Work to complete
Lines from the one holding "Subaru Getaway AWD 95.8 kWh frontseats view" through the end of the entries, inclusive, form the whole output; reproduce them exactly and omit pictures.

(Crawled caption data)
══════════════════════════════
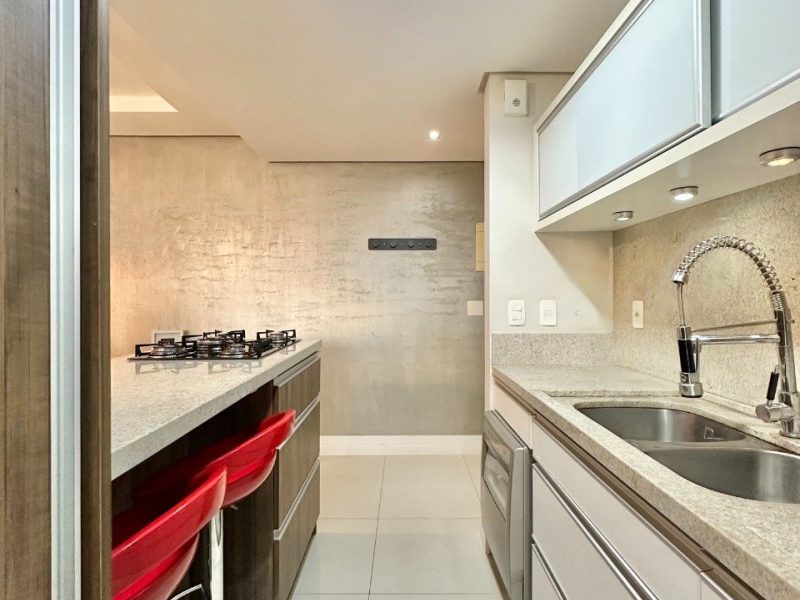 Apartamento à venda com 106m², 3 quartos, 1 suíte, 2 vagas no bairro Centro em Novo Hamburgo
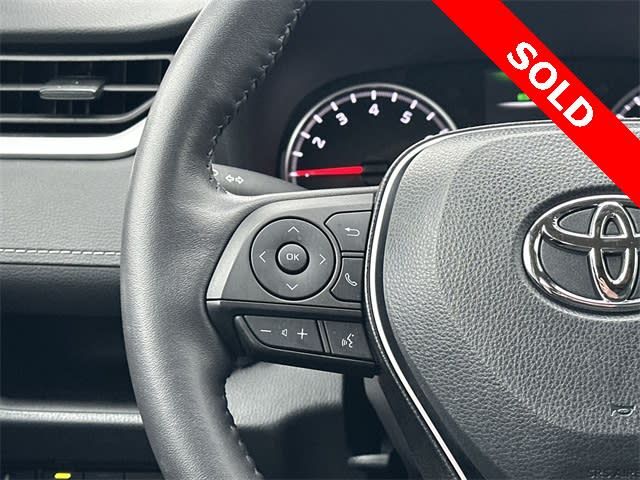 Thumbnail: 2022 Toyota RAV4 - 19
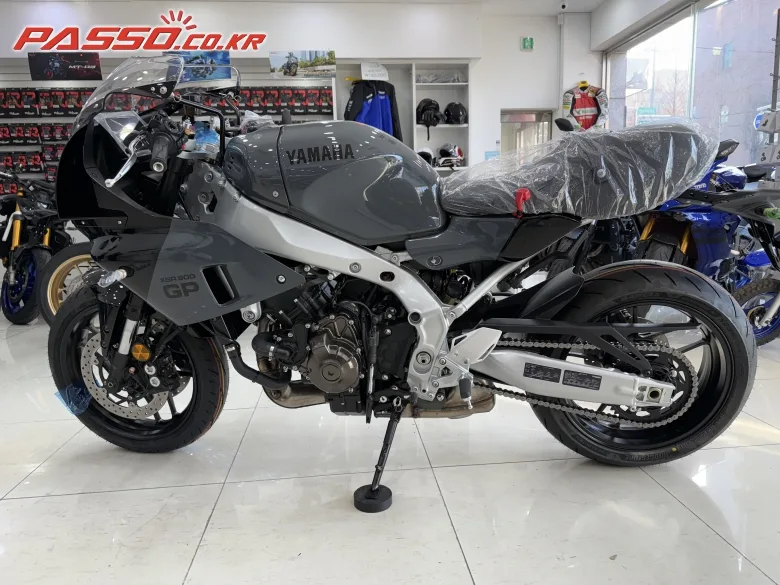 야마하 XSR900GP 2025 검정색 사진 2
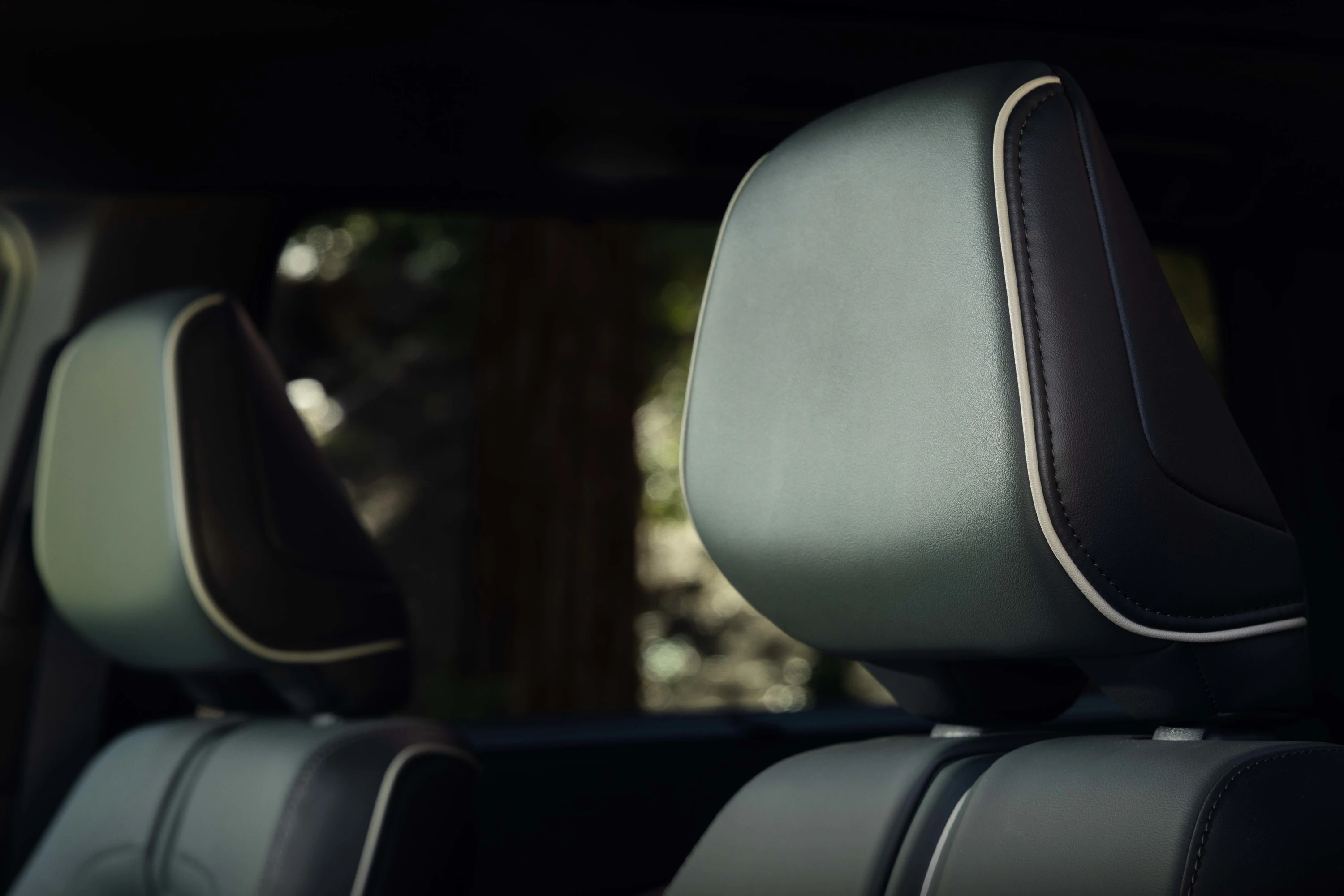 Subaru Getaway AWD 95.8 kWh frontseats view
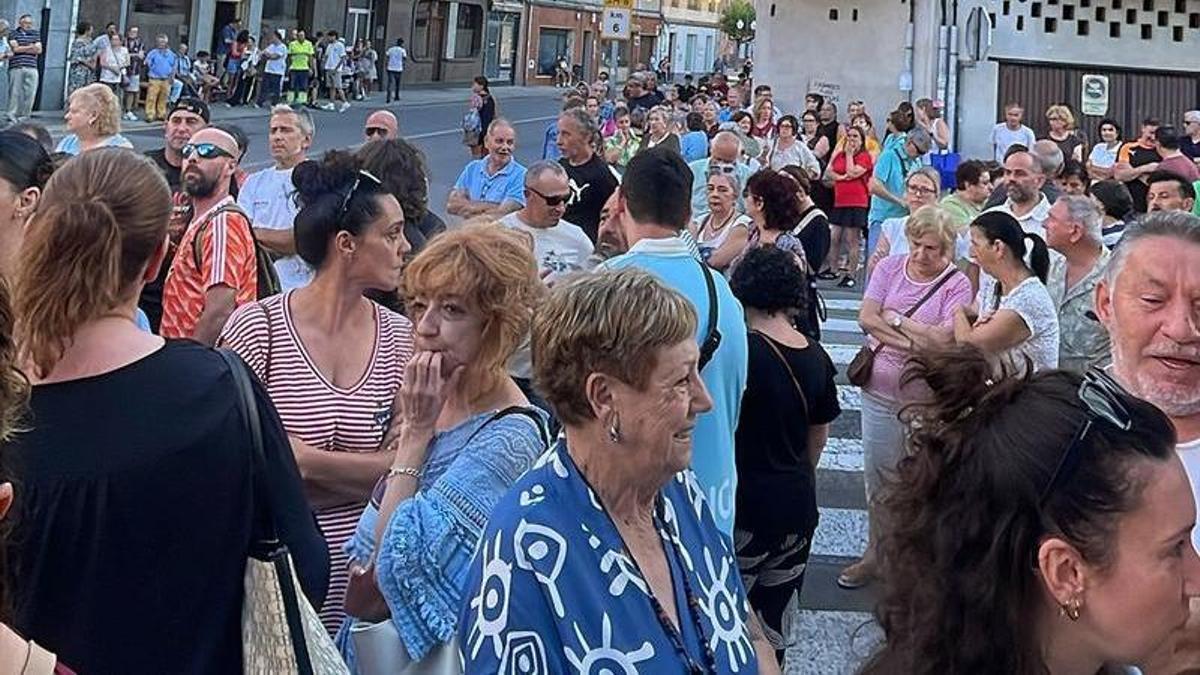 Concentración ante un edificio "okupado" en Blimea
══════════════════════════════
Problem solution
 Subaru Getaway AWD 95.8 kWh frontseats view
 Concentración ante un edificio "okupado" en Blimea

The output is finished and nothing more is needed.